Write the entries below out again exactly, but skip the pictures.

****

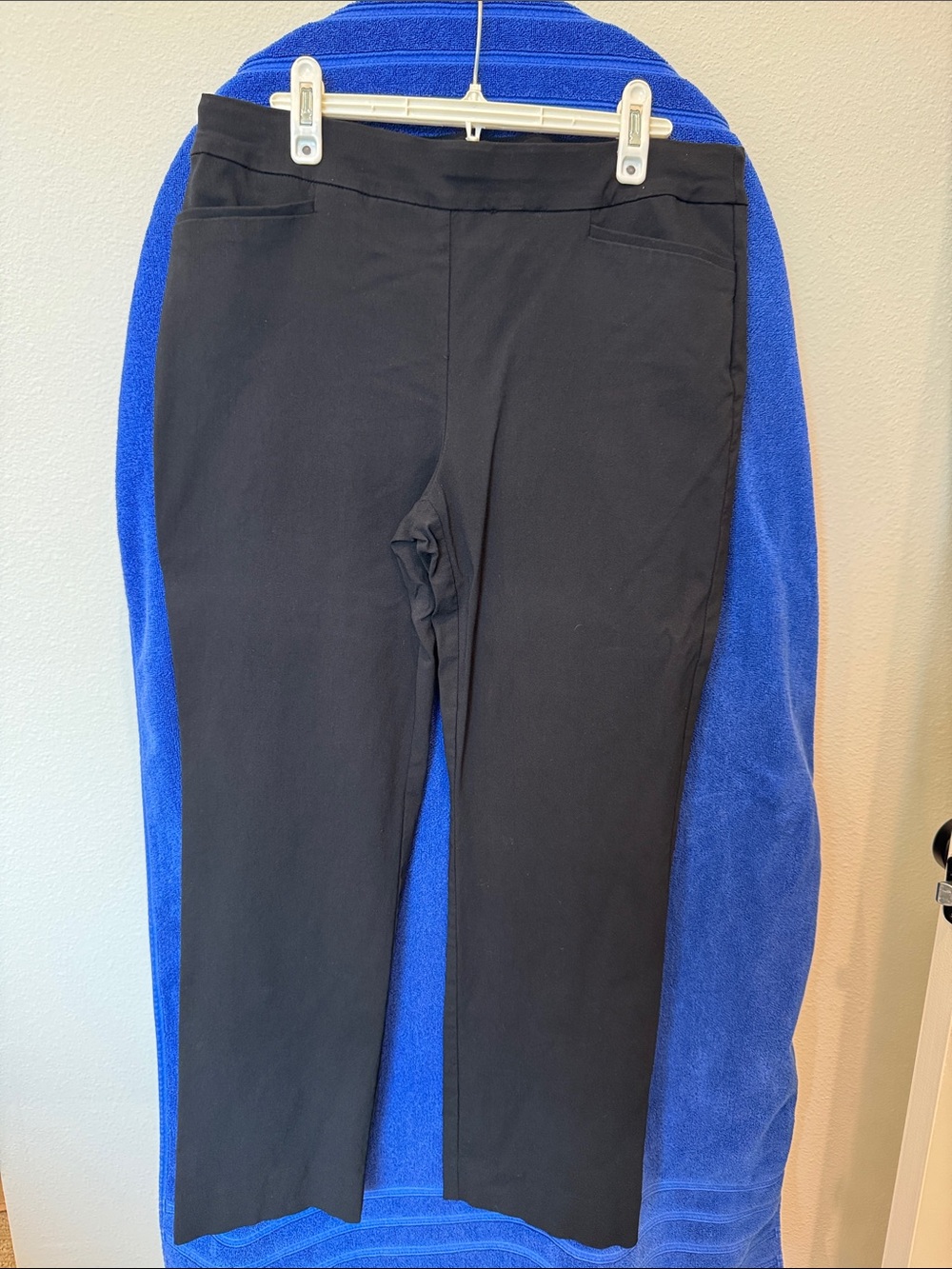 Chico's Black Straight-Leg Pull-On Pants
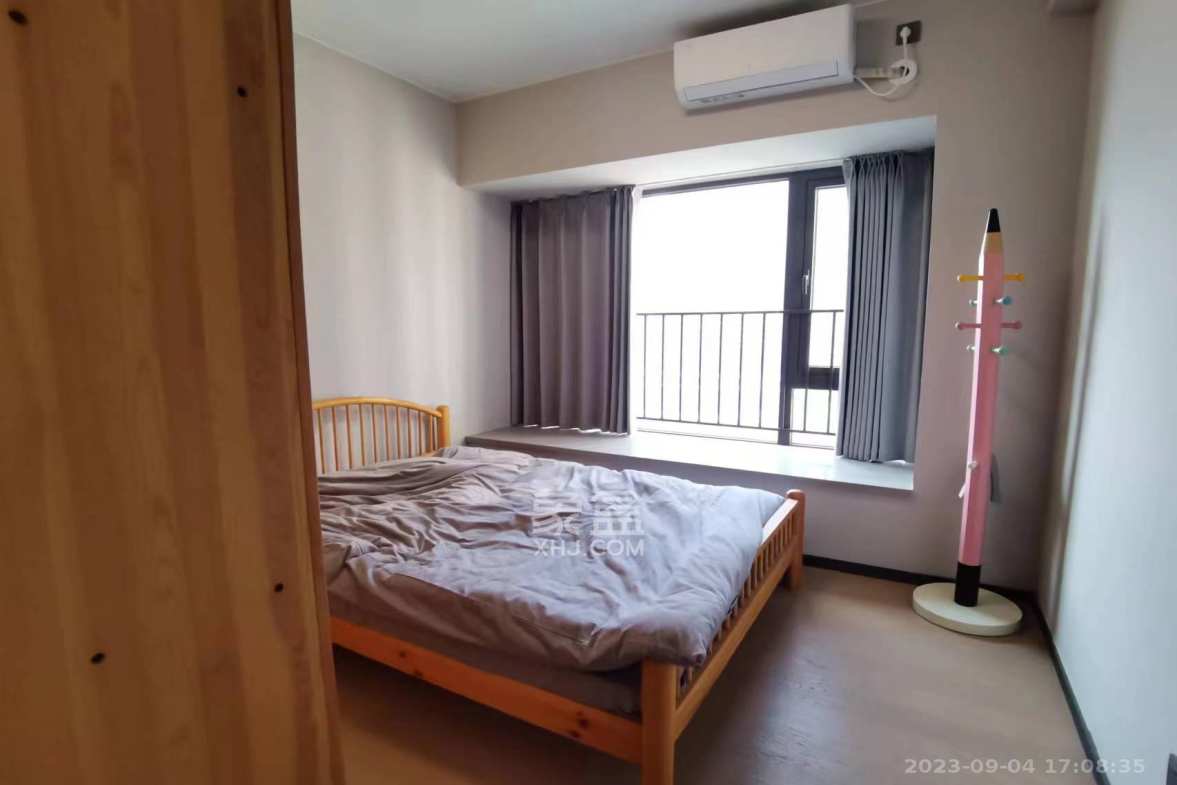 时代梅溪领峰  4室2厅3卫    5600.0元/月室内图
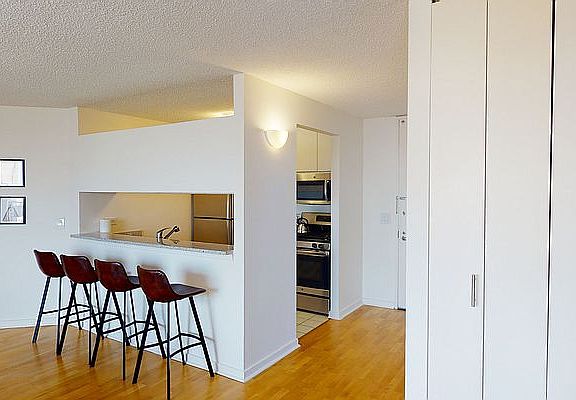 5th image of 175 E 96th St APT 22Q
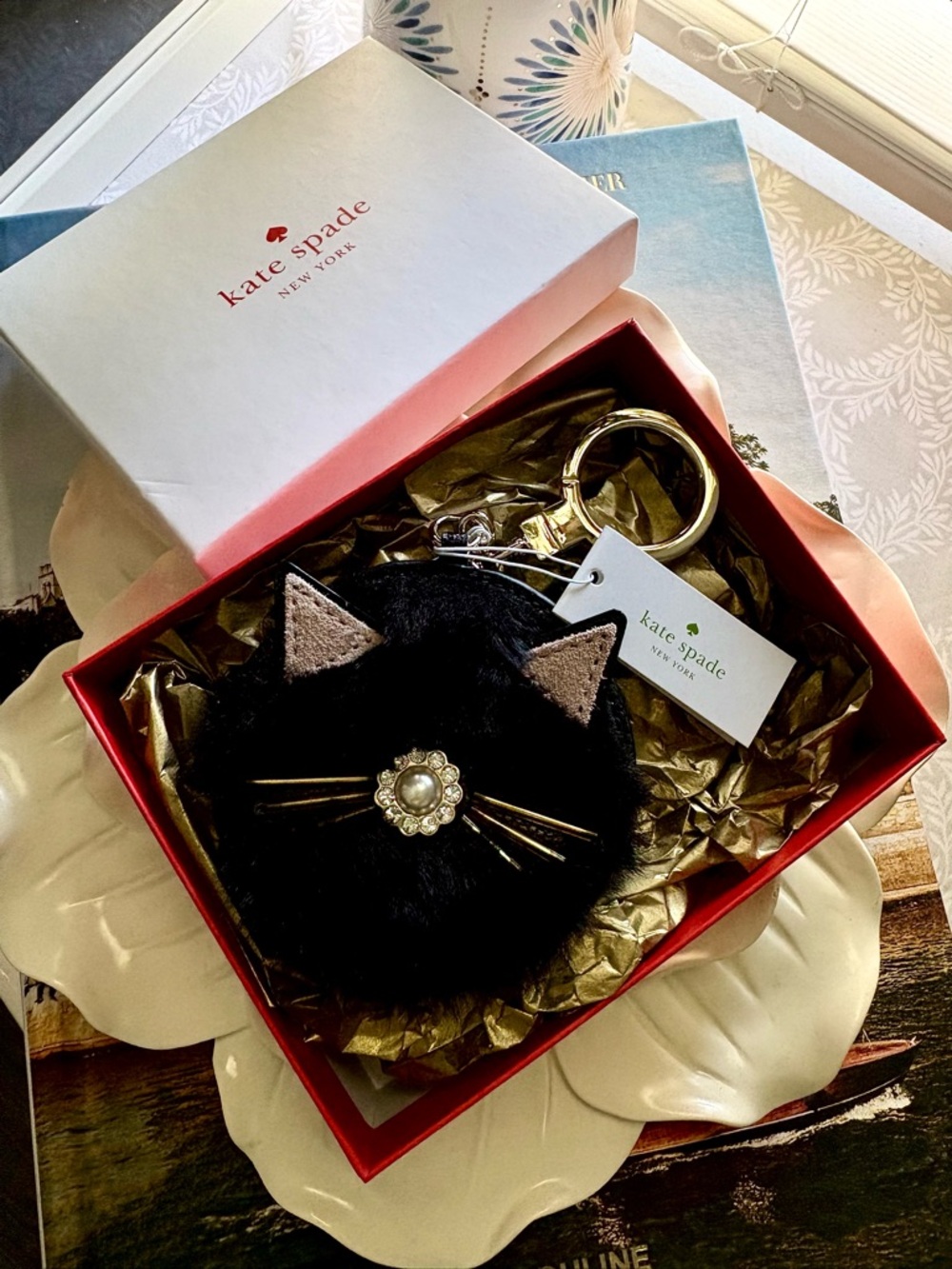 kate spade Kitty Key Chain with Gold Hardware - Picture 5 of 5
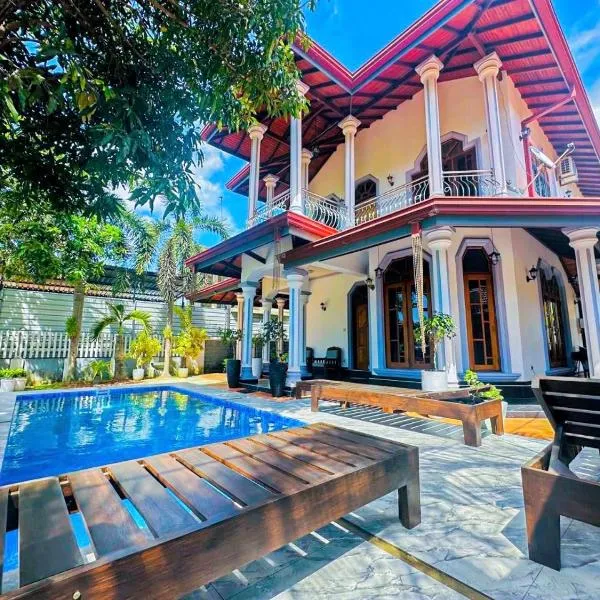 Elisach Serenity House - 4 BHK Villa in Sri Lanka - near to Airport，位于尼甘布的酒店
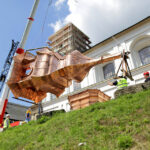 Montaż kopuły wieży klasztoru na Świętym Krzyżu. / Wojciech Habdas / Radio Kielce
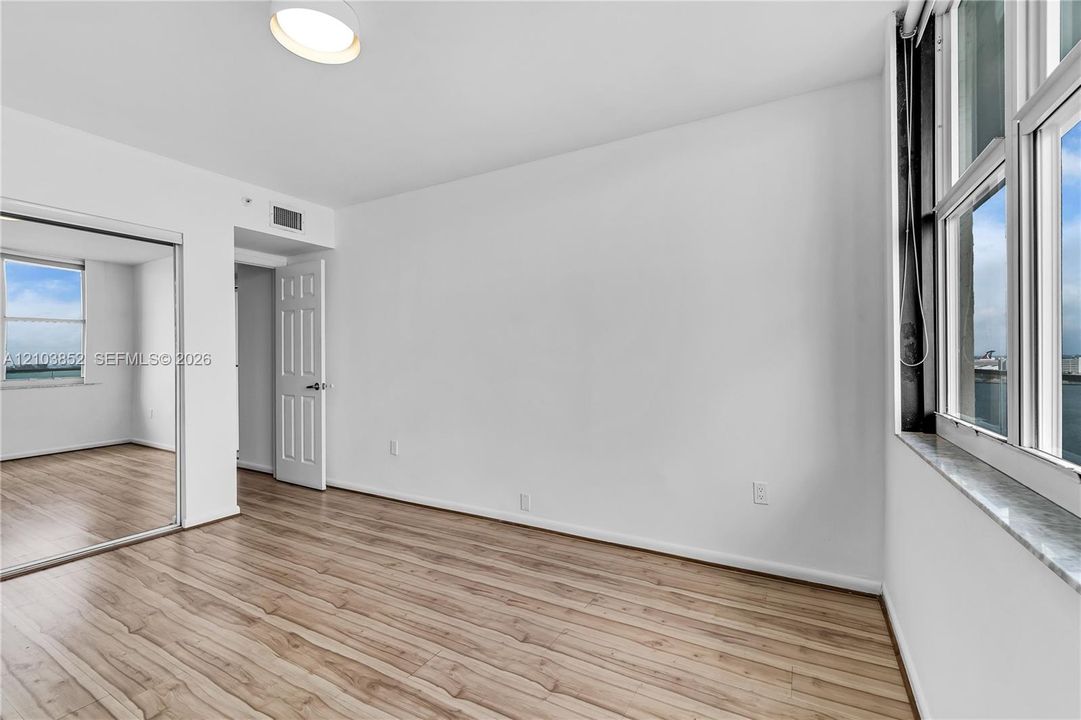В аренду: $3,900 (2 спален, 2 ванн, 960 Квадратных фут)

****

• RESPONSE TO THIS TASK:
 Chico's Black Straight-Leg Pull-On Pants
 时代梅溪领峰  4室2厅3卫    5600.0元/月室内图
 5th image of 175 E 96th St APT 22Q
 kate spade Kitty Key Chain with Gold Hardware - Picture 5 of 5
 Elisach Serenity House - 4 BHK Villa in Sri Lanka - near to Airport，位于尼甘布的酒店
 Montaż kopuły wieży klasztoru na Świętym Krzyżu. / Wojciech Habdas / Radio Kielce
В аренду: $3,900 (2 спален, 2 ванн, 960 Квадратных фут)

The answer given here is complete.